商圏で大手企業などの他社が、すでに自社と似たようなブランドが確立している場合は効果が出にくいかもしれません。しかしこの場合は、他社との差別化によりデメリットを覆せます。

また知名度がない場合は、ブランドの価値やイメージが多くのターゲットに伝わるまで時間がかかります。
短期的な集客アップや改善よりも、中長期的に安定して集客するための施策として考えておきましょう。

ただ、住宅に関しては検討・購入決定までの時間が長く、慎重に情報収集が行われるため、この期間で自社のブランド認知をしてもらいやすいです。

住宅会社・ビルダーのブランディングの進め方

住宅会社・ビルダーのブランディングの進め方

商圏となる地域で競合による激しい競争や顧客の取り合いといった、レッドオーシャン化した市場での打開策としてブランディングを進めることが多いはず。

そのためブランディングを考える際には、その地域でどういった価値提供をしている会社なのか、という自社の立ち位置を確立するため何を行うべきかを考える必要があります。

また住宅は気軽に購入できる金額ではありません。どんな人にも訴求できるブランドの価値を作り出すのは難しいでしょう。その点を加味してブランディングを行わなければなりません。

ネットが普及し、販売側と購入側が持つ情報量の差がなくなりつつあるので、どんなメディアで何を伝えるかが重要です。ターゲットが住宅を検討してから購入するまでの過程を考え、設計しましょう。

ブランディングを進める上で、注意すべきポイントや考えたい点を紹介します。

自社のバリュープロポジションは何かを考える

バリュープロポジションとは、他社が真似できない「自社ならではの顧客に提供できる価値」です。

自社の住宅商品は他社と何が違うのか、どのような暮らしを提供できるのかなど、自社の住宅ならではの強みとは何かを考えましょう。

バリュープロポジションをはっきりさせれば、他社には負けないと言いきれる独自の魅力をアピールできます。他社との差別化により提供する価値を顧客に訴求でき、自社を選んでもらうために効果的です。

現状を分析する

過去の成功例や当時の環境を洗い出し、今後の変化を予想しましょう。自社の住宅が持つ強みや弱みを踏まえ、市場規模や自社の外部・内部環境や他社を分析し自社が他社より優位な点を見い出します。
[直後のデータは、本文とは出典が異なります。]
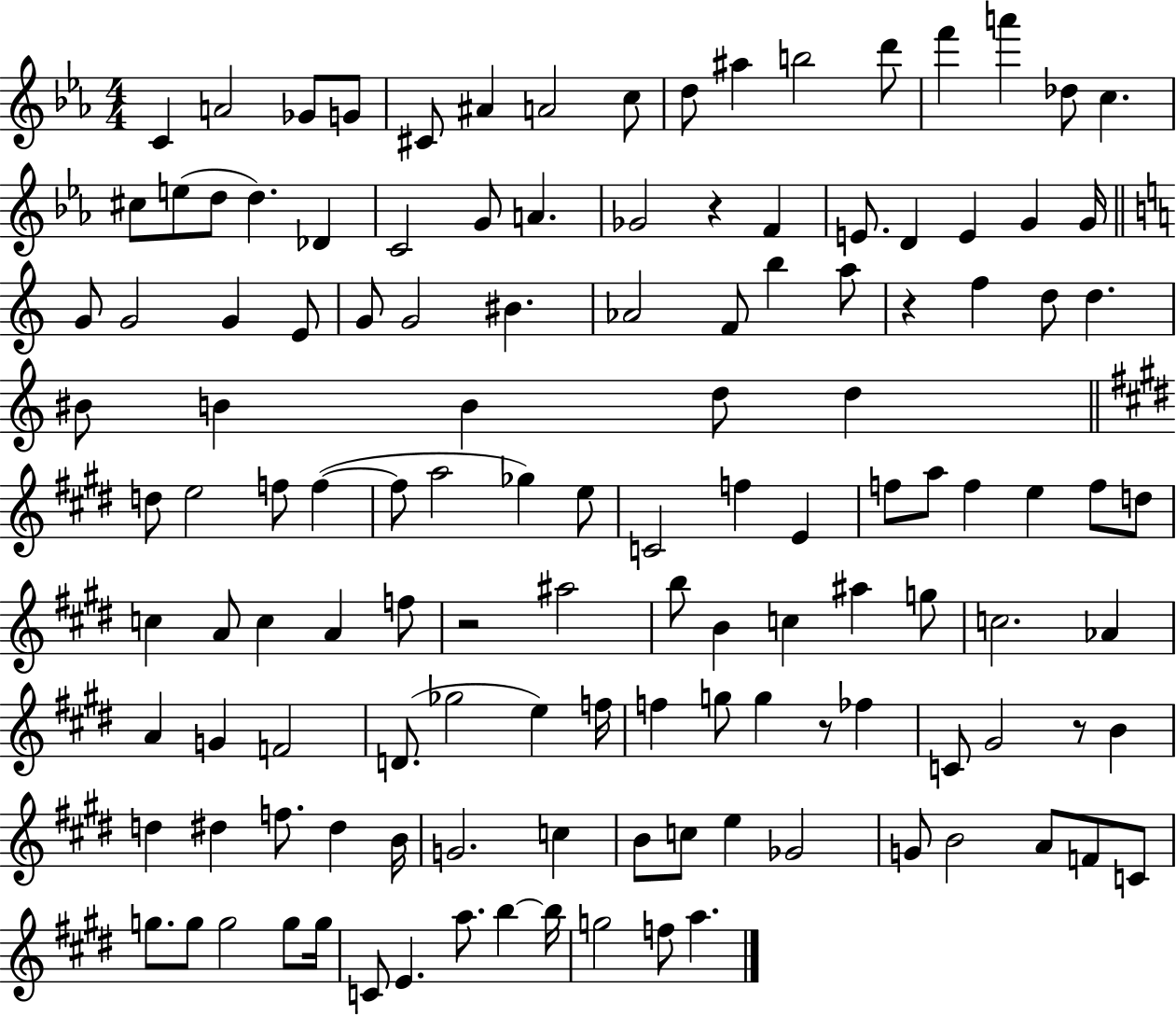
X:1
T:Untitled
M:4/4
L:1/4
K:Eb
C A2 _G/2 G/2 ^C/2 ^A A2 c/2 d/2 ^a b2 d'/2 f' a' _d/2 c ^c/2 e/2 d/2 d _D C2 G/2 A _G2 z F E/2 D E G G/4 G/2 G2 G E/2 G/2 G2 ^B _A2 F/2 b a/2 z f d/2 d ^B/2 B B d/2 d d/2 e2 f/2 f f/2 a2 _g e/2 C2 f E f/2 a/2 f e f/2 d/2 c A/2 c A f/2 z2 ^a2 b/2 B c ^a g/2 c2 _A A G F2 D/2 _g2 e f/4 f g/2 g z/2 _f C/2 ^G2 z/2 B d ^d f/2 ^d B/4 G2 c B/2 c/2 e _G2 G/2 B2 A/2 F/2 C/2 g/2 g/2 g2 g/2 g/4 C/2 E a/2 b b/4 g2 f/2 a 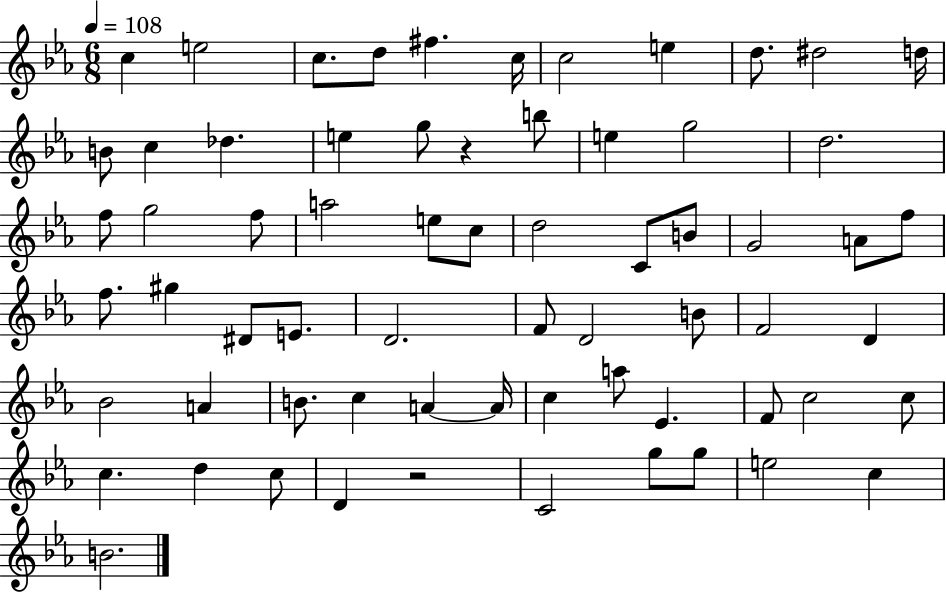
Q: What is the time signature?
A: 6/8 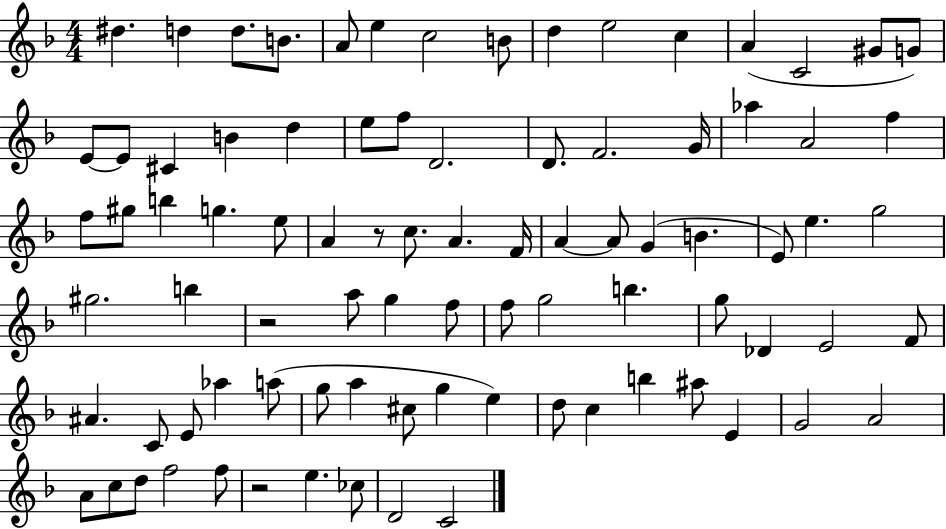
{
  \clef treble
  \numericTimeSignature
  \time 4/4
  \key f \major
  dis''4. d''4 d''8. b'8. | a'8 e''4 c''2 b'8 | d''4 e''2 c''4 | a'4( c'2 gis'8 g'8) | \break e'8~~ e'8 cis'4 b'4 d''4 | e''8 f''8 d'2. | d'8. f'2. g'16 | aes''4 a'2 f''4 | \break f''8 gis''8 b''4 g''4. e''8 | a'4 r8 c''8. a'4. f'16 | a'4~~ a'8 g'4( b'4. | e'8) e''4. g''2 | \break gis''2. b''4 | r2 a''8 g''4 f''8 | f''8 g''2 b''4. | g''8 des'4 e'2 f'8 | \break ais'4. c'8 e'8 aes''4 a''8( | g''8 a''4 cis''8 g''4 e''4) | d''8 c''4 b''4 ais''8 e'4 | g'2 a'2 | \break a'8 c''8 d''8 f''2 f''8 | r2 e''4. ces''8 | d'2 c'2 | \bar "|."
}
このとき、顧客が住宅を購入する過程を導き出すものとして、ペルソナの設定とカスタマーズジャーニーマップの作成が有効です。

ペルソナとは

ペルソナとは、たったひとりの架空の人物を設定した顧客のモデルのことです。行動パターンや生活スタイルなどの詳細を設定します。たったひとりに向けてブランディングを行うことで、イメージやPR方法などがより具体化します。

カスタマーズジャーニーマップとは

カスタマーズジャーニーとは、ペルソナの行動や感情などを時系列順に可視化したものです。カスタマーズジャーニーマップの作成方法は以下の通りです。

  • ペルソナを設定
  • 住宅検討から購入までの過程を想定
  • 顧客の思考・動向を調査
  • 自社のアクションを決定

まずペルソナを明確にした上で、最終的な目標を決めます。次に、顧客の情報を集めマッピングしていきましょう。

認知度や顧客が示す興味・関心、感情などを想定します。ターゲットが定まったら、顧客との接点を確認し適した情報を与えるためには自社がどのように行動すればよいかを考えましょう。

顧客が住宅の購入にいたる過程を深く理解することで、より顧客に刺さるブランディングを展開できます。

ブランドの設定

自社や自社の住宅商品をブランド化するには、商圏の住人の知名度を向上させる必要があります。何をすれば地域住民に自社や住宅商品が知れ渡るのかを考えましょう。

ブランドの設定に重要なのは以下の3点です。

  • ターゲットの選定
  • ターゲットへ伝えたいメッセージを決める
  • 一貫性を保つ

詳しく見てみましょう。

ターゲットの選定(ターゲティング)

すべての人ニーズに当てはまるような住宅の場合、差別化ポイント、つまり顧客にとっての価値が価格の安さになってしまいがちです。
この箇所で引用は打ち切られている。